_TASK TO COMPLETE_:
Verbatim output of the lines below is required, with the images omitted.

_PROVIDED DATA_:
━━━━━━━━━━

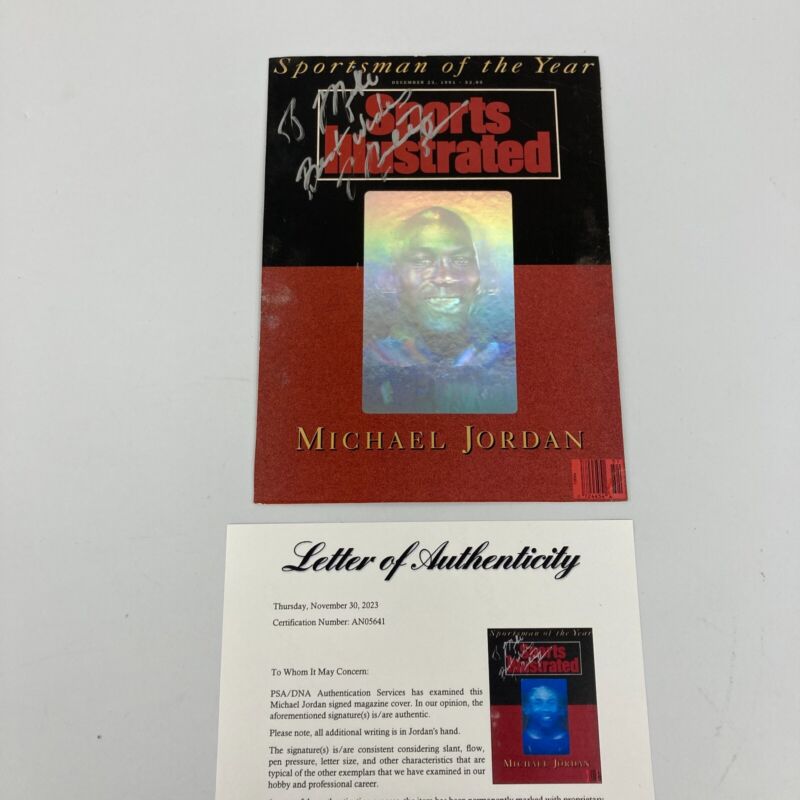 Michael Jordan Signed 1991 Sports Illustrated Magazine Cover PSA DNA COA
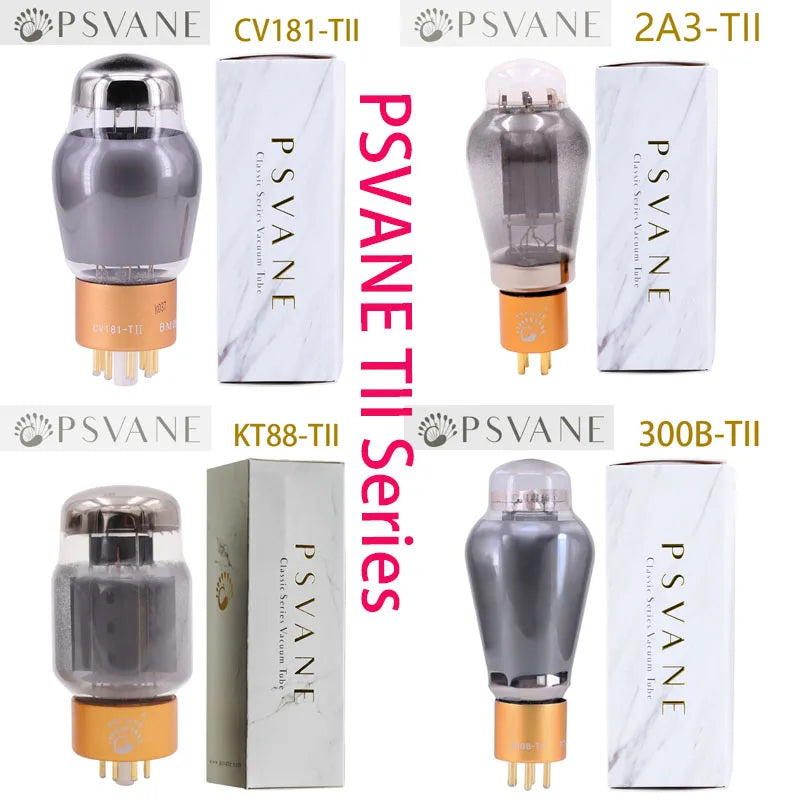 PSVANE TII CV181 KT88 300B 2A3 Vacuum Electronic Tube Precise pairing Audio Valve Tubes.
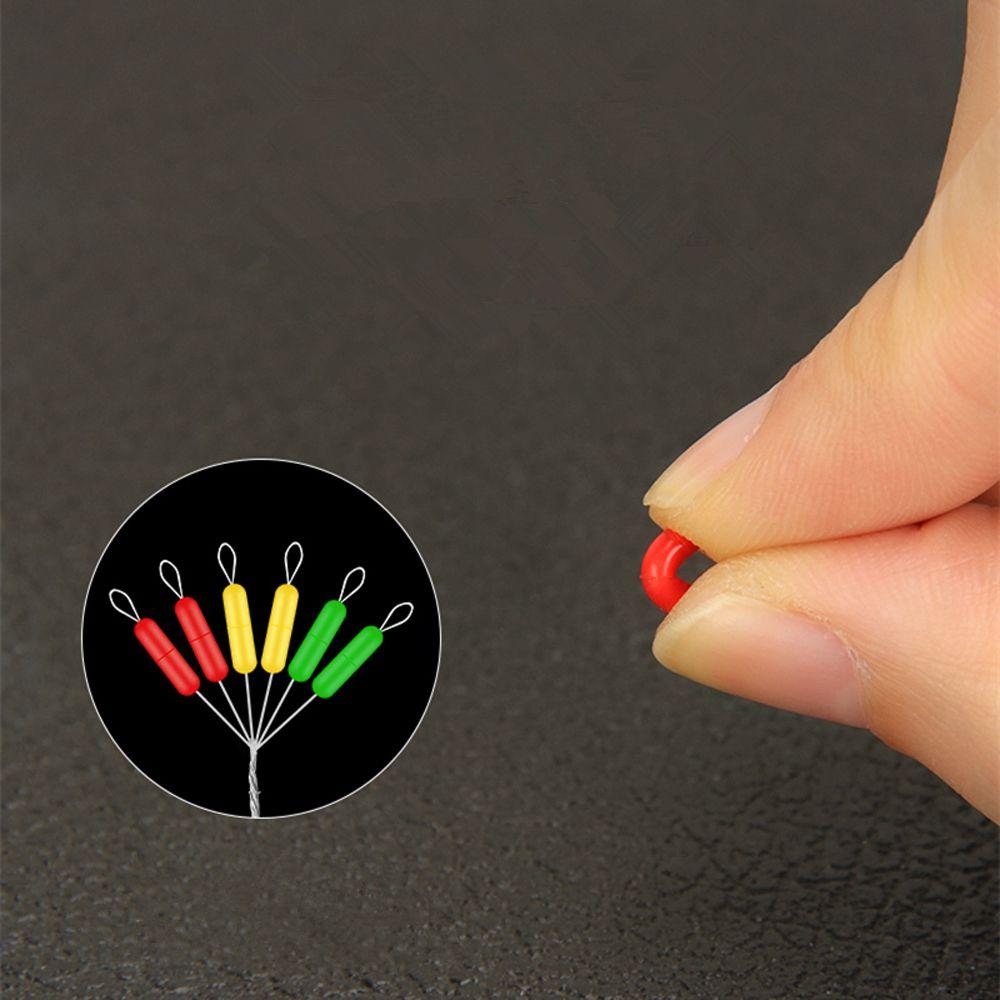 Bait Colorful Rubber Float Fishing Bobber Fishing Float Rubber Space Beans Oval Floating Stopper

━━━━━━━━━━

_WRITTEN ANSWER_:
 Michael Jordan Signed 1991 Sports Illustrated Magazine Cover PSA DNA COA
 PSVANE TII CV181 KT88 300B 2A3 Vacuum Electronic Tube Precise pairing Audio Valve Tubes.
 Bait Colorful Rubber Float Fishing Bobber Fishing Float Rubber Space Beans Oval Floating Stopper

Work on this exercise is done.